Ce quartier de Jérusalem a hébergé des personnalités influentes. Visite guidée

Revivre l’histoire à Zikhron Moshé (photo credit: DR)
Revivre l’histoire à Zikhron Moshé
(photo credit: DR)
Zikhron Moshé est un quartier résidentiel fondé en 1906 par une population religieuse libérale, qui se voulait à la fois intégrée et éclairée. Si quelques édifices historiques demeurent intacts, l’atmosphère et les habitants ont totalement changé : aujourd’hui, la plupart des résidents sont ultraorthodoxes.
L’itinéraire commence au coin des rues Haneviim et Yeshayahou. La première artère sur votre droite est la rue Prag, nommée ainsi en l’honneur d’un rabbin hors du commun, très actif dans la communauté et fondateur d’une école célèbre. Né en Europe centrale, le rabbin Itzhak Prag Oplatka s’habillait et priait comme un Séfarade malgré ses origines ashkénazes. Son école, ouverte en 1866 dans la Vieille Ville, accueillait aussi bien des élèves ashkénazes que séfarades. Les plus pauvres d’entre eux recevaient repas gratuits et vêtements. Le rabbin et les différents professeurs y enseignaient les matières religieuses, mais aussi séculières, pour que les élèves soient en mesure de subvenir à leurs besoins par la suite. Le rabbin David Ben Shimon, figure pionnière de l’immigration marocaine au milieu du XIXe siècle, a aidé à organiser l’école et y a également enseigné.
Malheureusement, la communauté religieuse ashkénaze s’est vivement opposée à cette école : le rabbin Oplatka a même subi des attaques. Personne ne pensait alors que le projet survivrait. Le bâtiment de l’école existe toujours aujourd’hui.
Perpendiculaire à Yeshayahou, à droite : la rue Sima Blilius, philanthrope de Calcutta du début du XXe siècle. Nous avons encore l’eau à la bouche en passant devant le commerce où Michel Cohen vendait naguère de délicieux légumes farcis. Au numéro 12 de la rue se trouvait la maison du docteur Aharon Yossef Yarmens.
Yarmens, le bon docteur
Né en 1859 à Vilna en Lituanie, Yarmens fait de brillantes études. Il passe beaucoup de temps avec un banquier nommé Moshé Vitkind qui encourageait les jeunes gens prometteurs. Yarmens sert ensuite un an dans l’armée russe, avant d’étudier la médecine à Berlin, et de se fiancer à l’une des filles de Vitkind. Le jeune couple envisage d’émigrer en Israël juste après son mariage, mais la famille s’y oppose, les jugeant tous deux trop instables financièrement. Ils se marient et déménagent néanmoins en Terre promise en 1886.
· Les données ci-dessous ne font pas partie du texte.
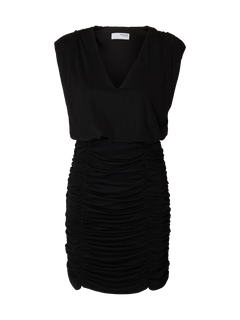 Slim Mira Reversible Sl Short Dress - Black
Peu après, Yarmens part à Istanbul où il séjourne une année. C’est là qu’il rencontre Moshé Wallach, fondateur de l’hôpital Shaarei Tsedek. Ils reviennent tous deux en Israël en 1890. Yarmens accepte un poste de médecin à Hébron, où il s’est installé avec sa femme et leur petite fille. Il se fait apprécier de tous, des dirigeants turcs aux Arabes des villages voisins. Sa femme est infirmière et se rend particulièrement utile auprès des femmes arabes en difficulté.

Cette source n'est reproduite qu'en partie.